As far as gendered spaces are concerned, Gaál-Szabó claims that Hurston’s novels use spatial settings to explore how the female body is produced in hegemonic masculine social space and how women retain subjectivity through the counterhegemonic activity of shaping their own spaces. As part of this argument, chapter six shows how masculine space in Hurston is “transparent,” it is a homogeneous space that silences females. Then, interestingly, female social space is shown to bear “similar traits as masculine space because as it is structured on similar premises as its masculine counterpart, it maintains the female status quo through subversive power mechanisms.” (94) Therefore it is named after its masculine counterpart and is called transparent female space. In chapter seven, Hurston’s feminine spatiality is theorized. Gaál-Szabó finds that “Hurston moves beyond the binary of male/female, establishes a feminine sense of place apart from masculine social place, yet within it.” (101) This means that women construct places for themselves within the framework of masculine spaces, and their identity is constituted and negotiated in there. There are three kinds of such feminine places in Hurston: domestic space, the back yard, and outside these some sort of a built outside environment. Just one example, again the pear tree in the yard: it is an image of passive female subject in the form of the blooming tree that is dominated by masculine action, the bees. This is quite a traditional image of gender relations. Yet, this is also the space where Janie meditates, the place she comes back to, and where she thinks about herself; and so it becomes a filter, represents a set of values independent of the masculine world. Gaál-Szabó identifies this transformation of the function of a given female space “unsilencing” (107) (in the line of De Lauretis’ space-off, or Augé’s nonplace), the cultural act of reimmersion. Janie subverts controlling images of the black female and proposes an autonomous subjectivity yet embedded in a socio-cultural space. This process of thirding (Bhabha) establishes an integrated cultural space that allows the African American individual to become an agent within his/her culture.
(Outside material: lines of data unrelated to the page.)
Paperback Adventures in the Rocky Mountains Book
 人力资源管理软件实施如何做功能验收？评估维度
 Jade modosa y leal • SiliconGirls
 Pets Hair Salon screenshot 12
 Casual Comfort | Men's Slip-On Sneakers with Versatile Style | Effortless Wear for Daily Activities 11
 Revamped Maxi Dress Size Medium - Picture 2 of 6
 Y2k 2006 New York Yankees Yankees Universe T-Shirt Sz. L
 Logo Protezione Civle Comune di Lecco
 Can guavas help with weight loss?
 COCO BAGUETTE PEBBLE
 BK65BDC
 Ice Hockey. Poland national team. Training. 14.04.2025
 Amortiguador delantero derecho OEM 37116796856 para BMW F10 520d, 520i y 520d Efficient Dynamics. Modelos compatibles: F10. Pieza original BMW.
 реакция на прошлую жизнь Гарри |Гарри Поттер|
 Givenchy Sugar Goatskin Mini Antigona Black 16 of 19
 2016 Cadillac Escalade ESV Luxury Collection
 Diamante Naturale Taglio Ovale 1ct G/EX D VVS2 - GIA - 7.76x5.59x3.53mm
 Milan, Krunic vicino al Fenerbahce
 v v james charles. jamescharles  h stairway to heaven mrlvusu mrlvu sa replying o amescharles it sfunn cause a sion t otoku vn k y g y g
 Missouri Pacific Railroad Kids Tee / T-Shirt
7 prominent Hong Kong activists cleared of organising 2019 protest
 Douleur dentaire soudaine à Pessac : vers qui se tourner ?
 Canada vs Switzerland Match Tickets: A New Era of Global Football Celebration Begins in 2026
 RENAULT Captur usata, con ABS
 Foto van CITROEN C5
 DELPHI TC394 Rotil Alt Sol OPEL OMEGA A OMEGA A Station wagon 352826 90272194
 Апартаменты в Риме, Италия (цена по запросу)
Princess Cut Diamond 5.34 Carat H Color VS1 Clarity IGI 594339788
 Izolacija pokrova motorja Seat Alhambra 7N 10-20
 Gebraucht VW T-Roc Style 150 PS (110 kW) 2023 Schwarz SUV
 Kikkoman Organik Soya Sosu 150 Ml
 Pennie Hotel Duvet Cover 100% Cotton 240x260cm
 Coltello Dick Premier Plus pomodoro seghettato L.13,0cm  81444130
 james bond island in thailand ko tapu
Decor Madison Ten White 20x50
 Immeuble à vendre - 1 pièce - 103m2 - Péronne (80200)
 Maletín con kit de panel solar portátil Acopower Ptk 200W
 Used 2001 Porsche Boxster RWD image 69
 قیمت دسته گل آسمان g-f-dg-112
The book performs a thoughtful act of critical positioning. It reinterprets Hurston’s position in relation to her African American male contemporaries from the perspective of cultural space along two constraints (culture and gender). At the same time, this focus represents a challenge for language oriented readings of Hurston’s texts. Although structurally clear, sometimes the book proves to be a difficult read because the introductory theoretical passages tend to be quite densely packed with information in each chapter. As a case in point, let me refer to the use of De Lauretis’ concept of the “space-off” used and critiqued in chapter 7. The concept is used and explained and critiqued (“the movement in and out of gender does not mean the abolition of gender in space-off but the inversion of gender in these spaces” (101)), then an overarching argument is built on this correction, namely that “feminine spaces, thus feminine subjectivity, are not merely ideological constructs” (101), and “Hurston’s characters perform their subjectivities, … proving an always already presence of the subject as a holistic, irreducible unit” (101). Then the concept of the space-off leads to yet another concept, Raoul Eshelman’s idea of performatist fiction (102) where subjects can resist totalization and contextualization, can be culturally reimmersed. – Given the importance of this line of thought for the argumentation and given that Eshelman explains this idea in the context of architectural space and fictional space as well, its integration into the preliminary discussion in the chapter on the theories of space would be enlightening. All the more so when taking into account that there is a lot at stake in this idea of the subject in terms of possible theoretical positions beyond postmodernism.